Southern California at sea level does not really get too cold in comparison with most everywhere else, but it will drop into the high thirties on occassion mid winter. I actually like using a lot of heavy blankets, but sometimes climbing into a 45 degree bed is more than a little unsettling.
So I bought this on Amazon on Monday:http://www.amazon.com/Heated-Mattress-El...7850&sr=1-1
I installed it under my sheets, under my covers, and even though it was not cold out(57f), I cranked it up to high and let it go 3 hours before climbing into bed.
At first It was nice and toasty, and I turned it down to one( out of 7). A few minutes later I was no longer using any covers. I unplugged the ciggy plug and cranked up my intake and exhaust fans.
It did not help, I had to get out of bed and turn on the rest of the fans.

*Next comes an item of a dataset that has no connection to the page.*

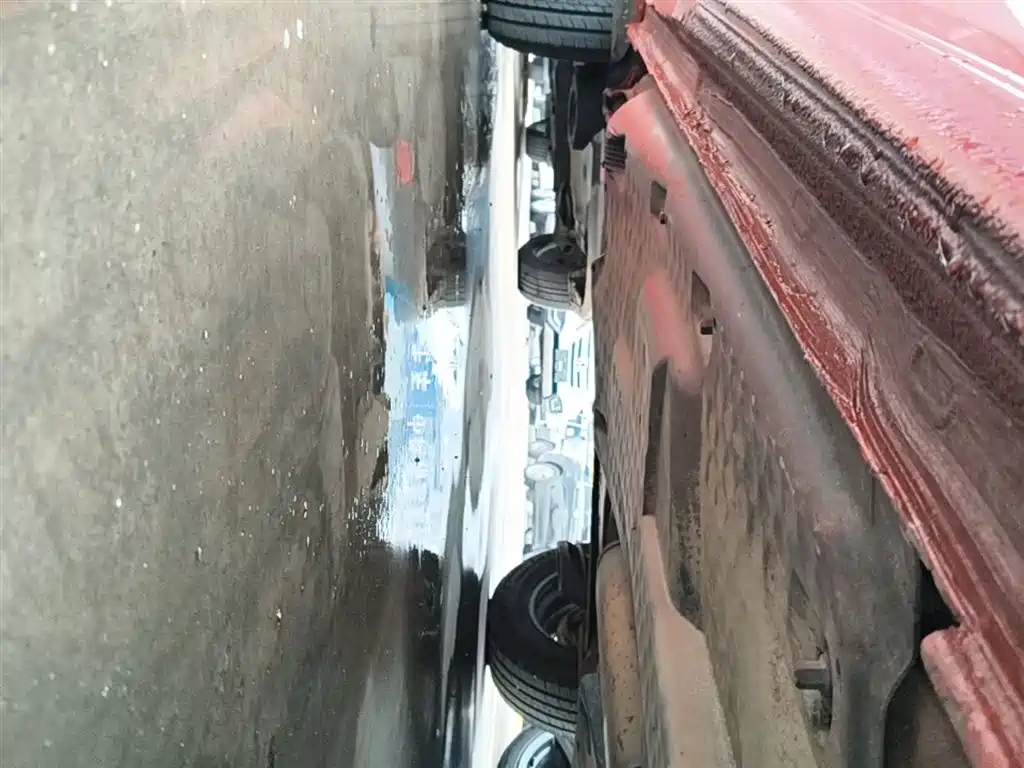 Volkswagen Polo 2018 1.5L Auto Safe Drive фото 21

Eventually I was able to climb back into bed but the mattress was still radiating a surprising amount of heat.
So lesson learned, wait for actual cold nights before using this product.
Now for the product details. It Claims a 4 amp draw. It was pulling over 6 amps when I had it cranked up to 7, so perhaps their "4" number is the average amount of amps consumed per hour.
The temp control is also the thermostat, so if it is left outside the covers the heating pad will get hotter than if is is inside or above the covers.
The ciggy plug seems to be one of the better designs. It does not pull out easily, and does not get hot. The Ciggy plugs which came with my DC to DC laptop converters(which can pull just as much amperage) are much more problematic.
The mattress heating pad must be safety pinned to the mattress to keep it tight and spread out. It comes with nice stainless pins and tabs on the cornersso you do not have to worry about hitting any wires.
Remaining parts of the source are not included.